DESCRIPTION OF THE TASK → Leave out the images; return the rest of the data exactly.

INPUT DATA →
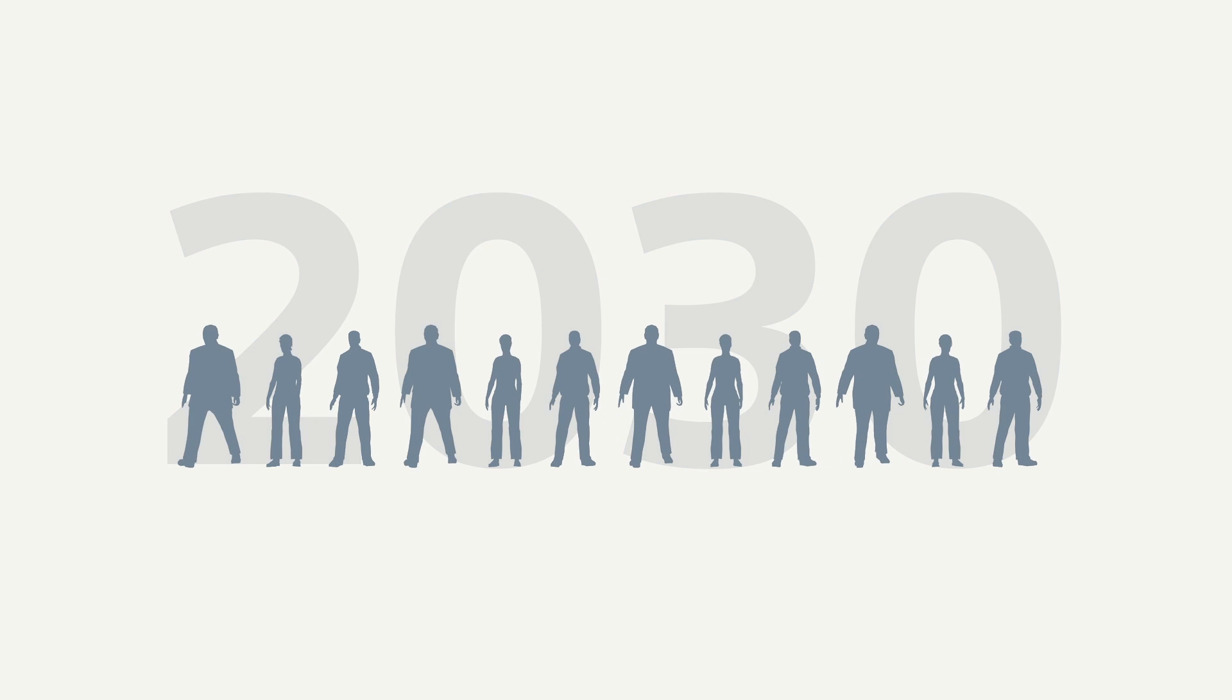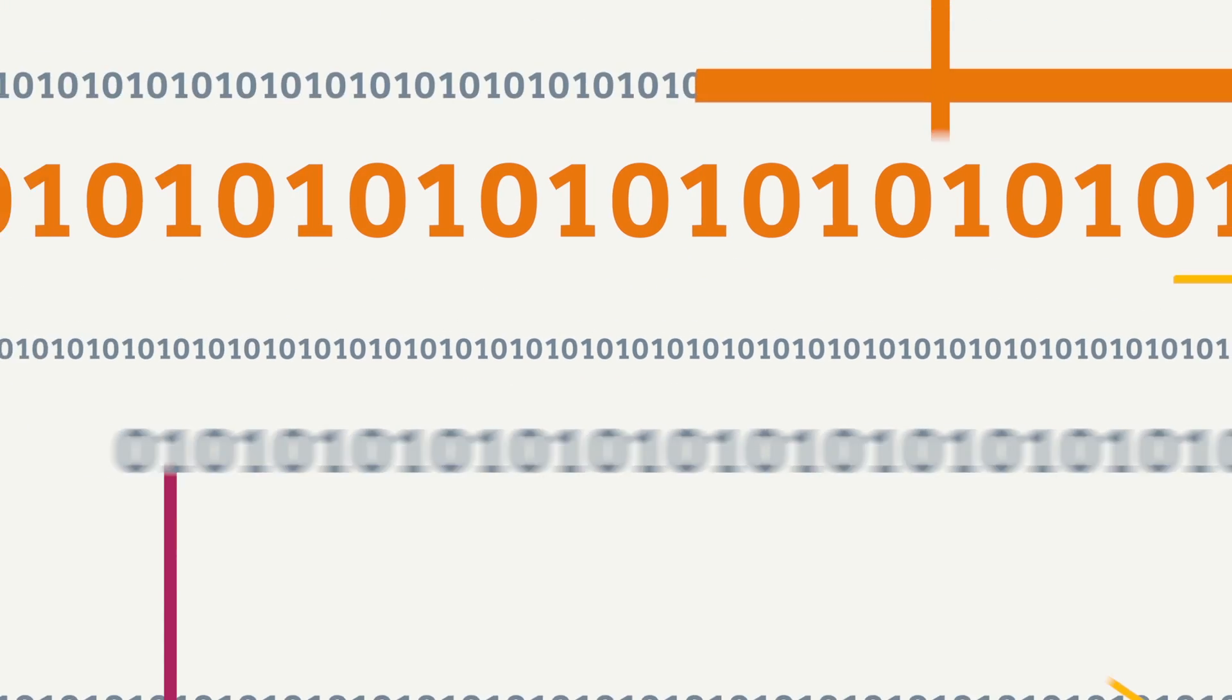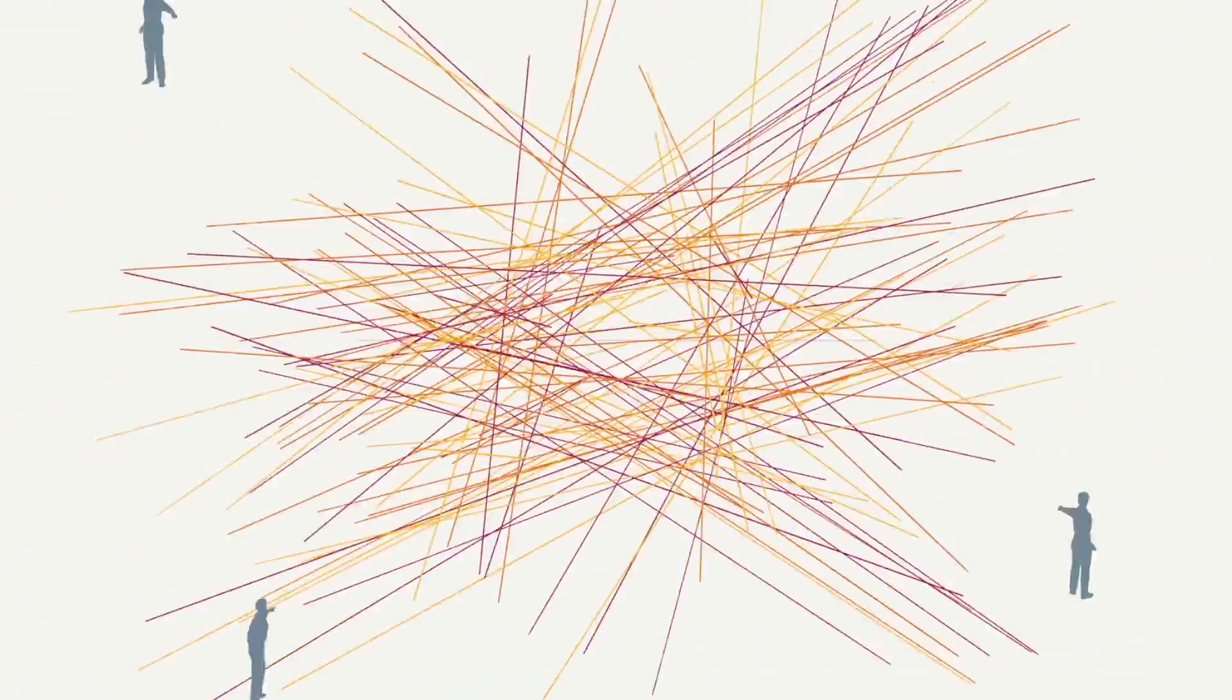By 2030, it's estimated the average consumer will own at least 15 internet-connected devices. And the data centers that support the Internet of Things are increasing in numbers, getting larger and more complex.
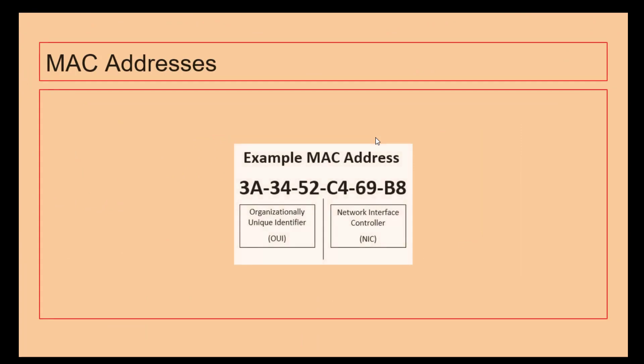We then got MAC addresses. MAC stands for Media Access Controller. This is in hexadecimal and unlike IP addresses these cannot be changed. These are physically sometimes engraved onto hardware. You cannot change your MAC address whatsoever.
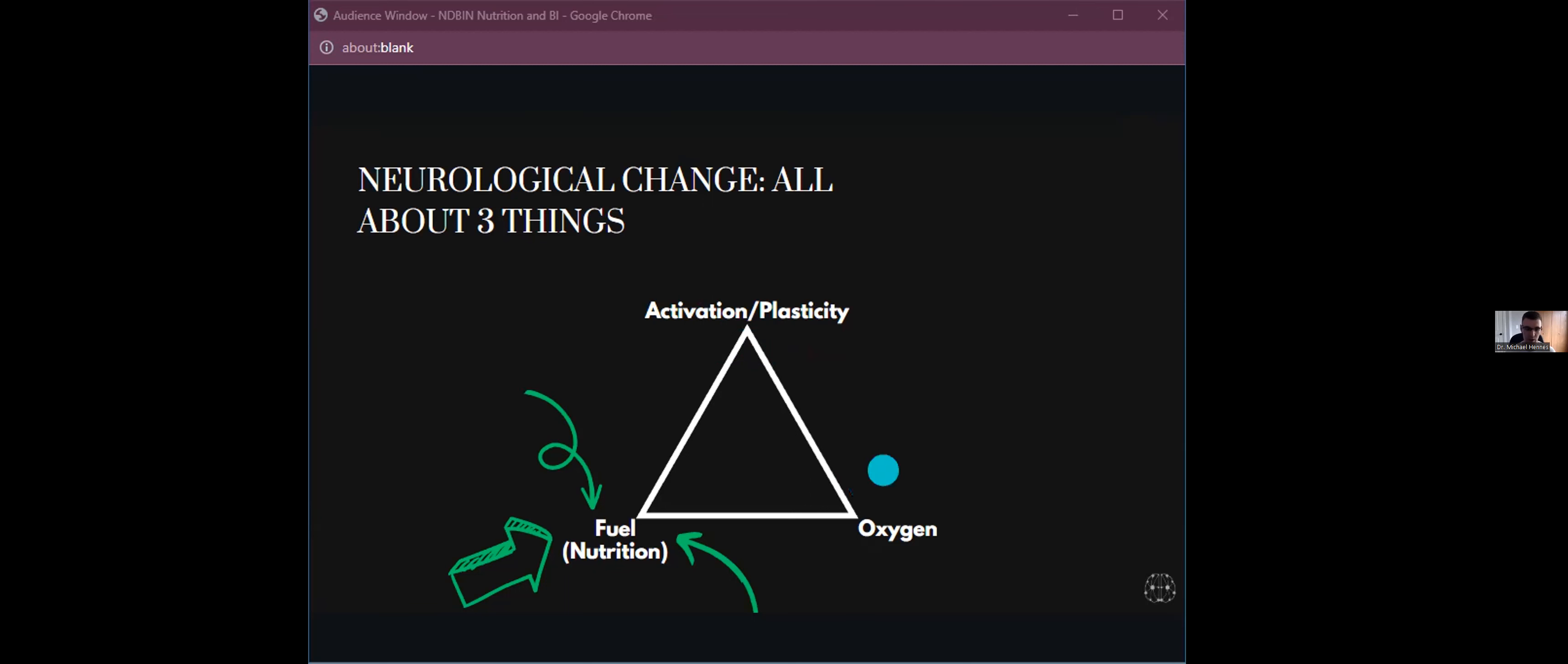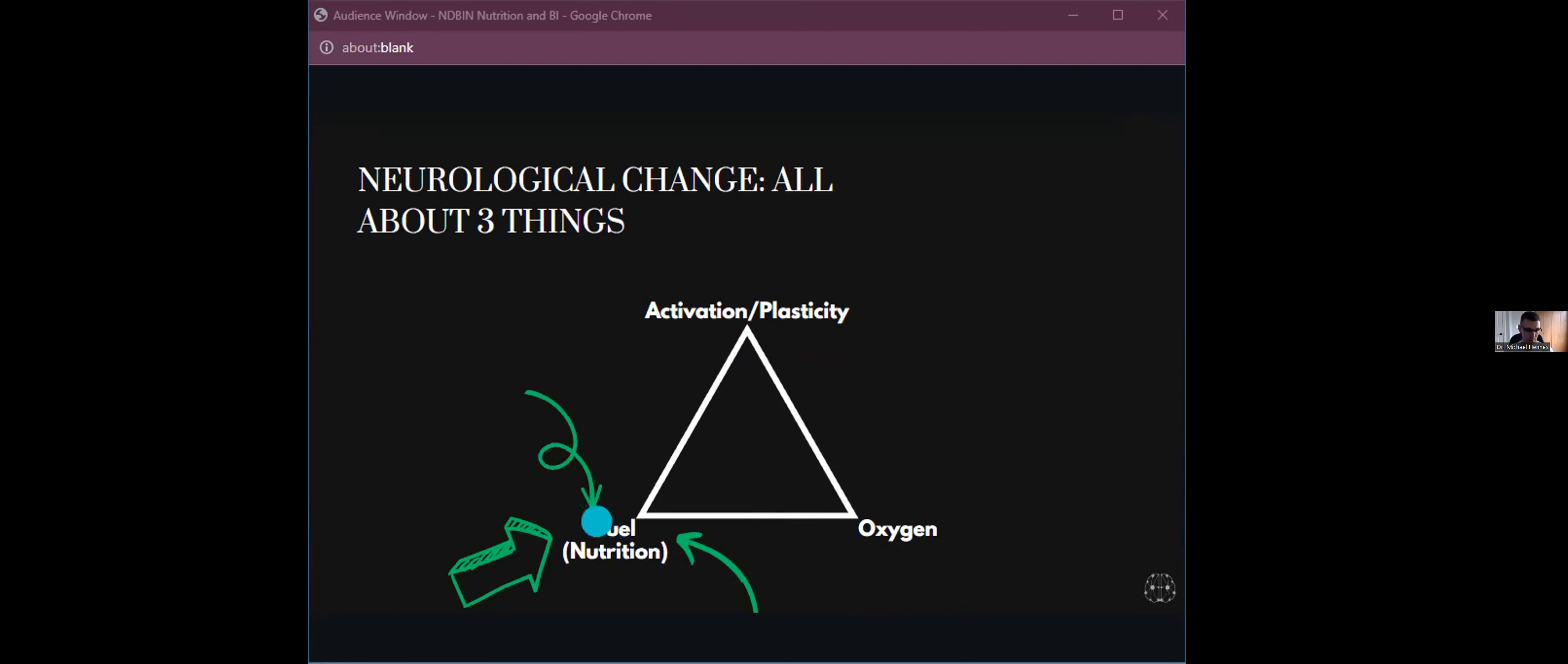Neurological change is all about three things. I talk about this all the time. We need three things to make neurological changes through rehab. We need activation or changes in plasticity, which is the rehab itself. What are the exercises I'm giving you? What are you trying to learn? We need good oxygen. This is a consequence of, are you breathing? Are you apneic at night? Do you have good iron? Can you actually carry that oxygen around? And then we need good fuel, which we can lump into the nutritional bucket.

ANSWER TO THIS TASK →
By 2030, it's estimated the average consumer will own at least 15 internet-connected devices. And the data centers that support the Internet of Things are increasing in numbers, getting larger and more complex.
We then got MAC addresses. MAC stands for Media Access Controller. This is in hexadecimal and unlike IP addresses these cannot be changed. These are physically sometimes engraved onto hardware. You cannot change your MAC address whatsoever.
Neurological change is all about three things. I talk about this all the time. We need three things to make neurological changes through rehab. We need activation or changes in plasticity, which is the rehab itself. What are the exercises I'm giving you? What are you trying to learn? We need good oxygen. This is a consequence of, are you breathing? Are you apneic at night? Do you have good iron? Can you actually carry that oxygen around? And then we need good fuel, which we can lump into the nutritional bucket.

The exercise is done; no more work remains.